Return, exactly and with nothing added, the line with "Sezane velvet toiletries pouch bag new" together with all lines after it through the end of the data below. No pictures belong in the copy.

:: STUDY MATERIAL ::

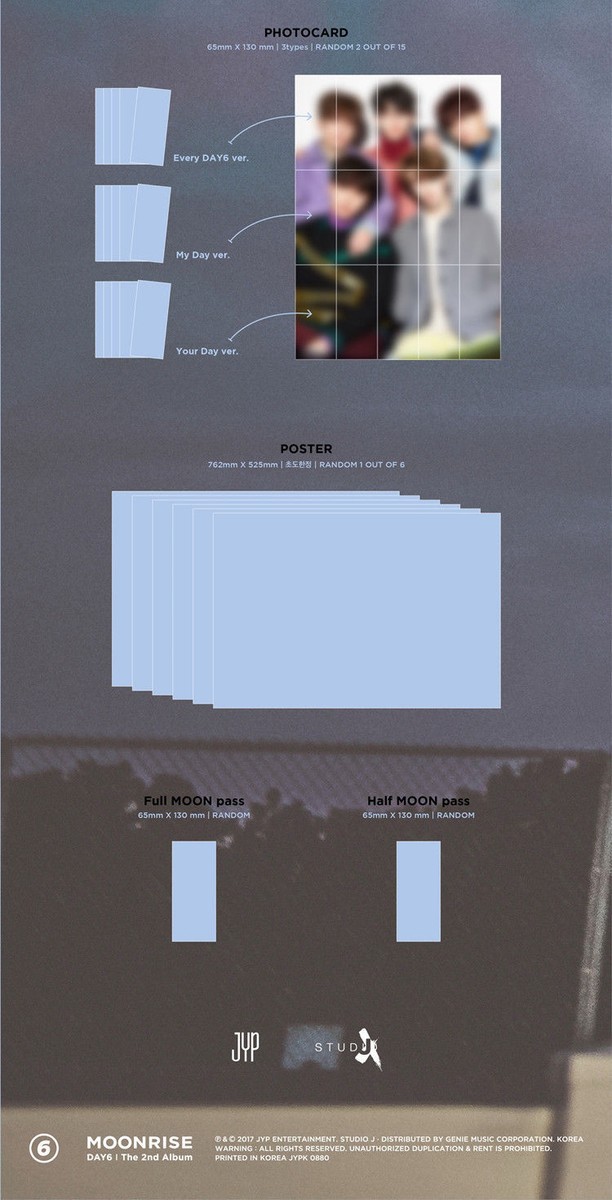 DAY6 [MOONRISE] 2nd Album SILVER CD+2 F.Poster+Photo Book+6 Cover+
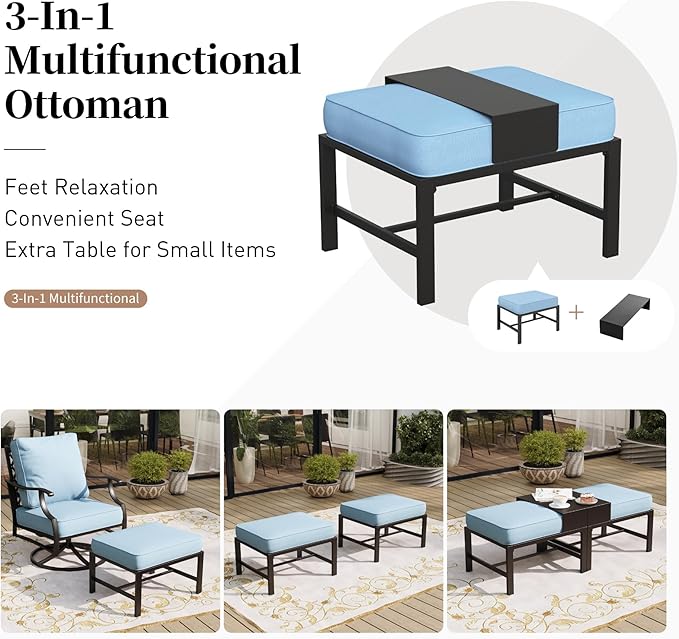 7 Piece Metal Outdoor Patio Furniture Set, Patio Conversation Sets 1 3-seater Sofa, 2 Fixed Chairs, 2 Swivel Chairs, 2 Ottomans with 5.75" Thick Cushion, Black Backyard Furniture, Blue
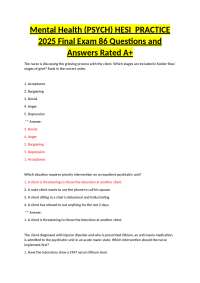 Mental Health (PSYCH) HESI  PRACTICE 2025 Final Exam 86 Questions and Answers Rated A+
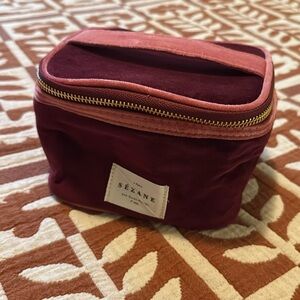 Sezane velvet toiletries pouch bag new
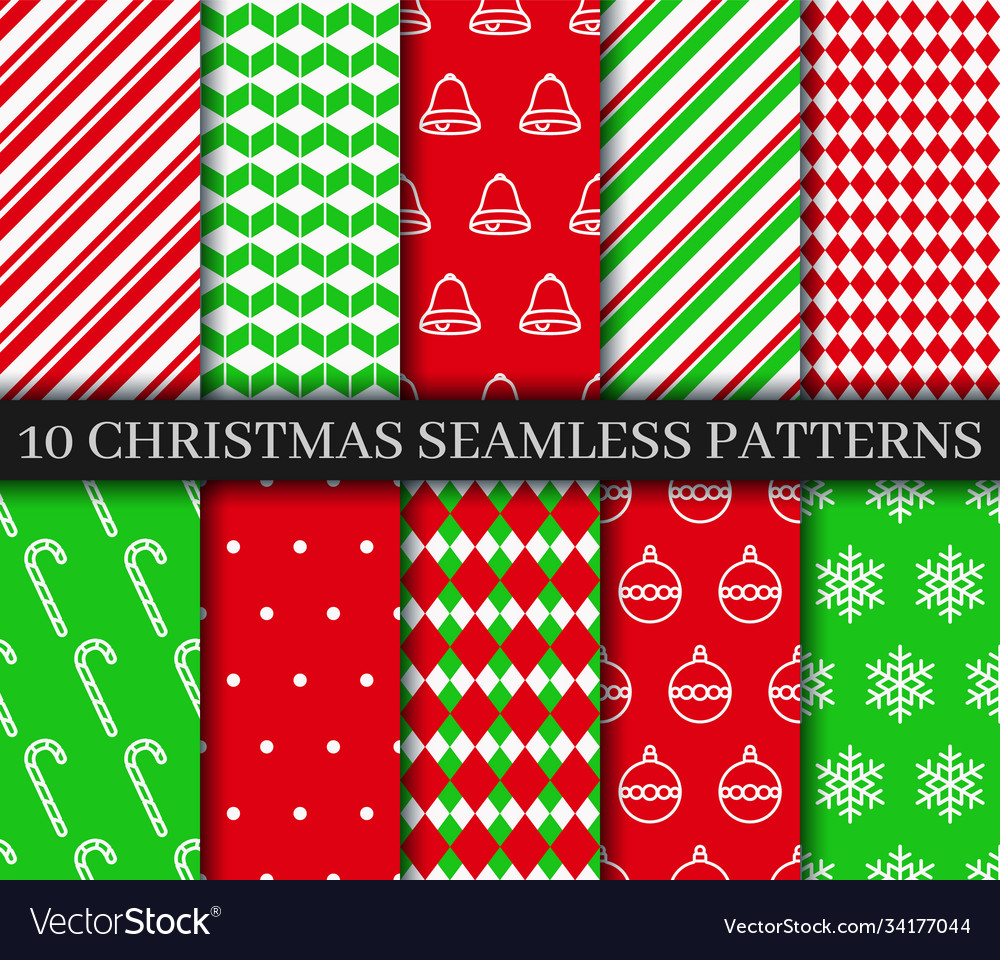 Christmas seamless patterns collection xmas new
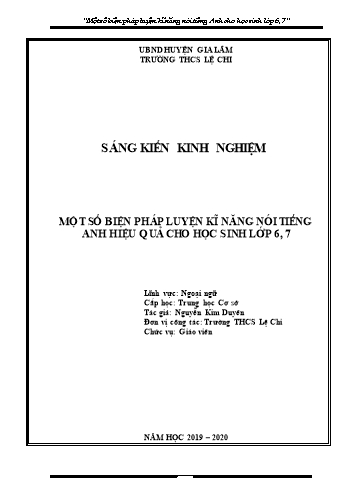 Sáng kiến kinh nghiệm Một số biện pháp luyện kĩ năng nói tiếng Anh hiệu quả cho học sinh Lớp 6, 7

:::

_YOUR RESPONSE:_
 Sezane velvet toiletries pouch bag new
 Christmas seamless patterns collection xmas new
 Sáng kiến kinh nghiệm Một số biện pháp luyện kĩ năng nói tiếng Anh hiệu quả cho học sinh Lớp 6, 7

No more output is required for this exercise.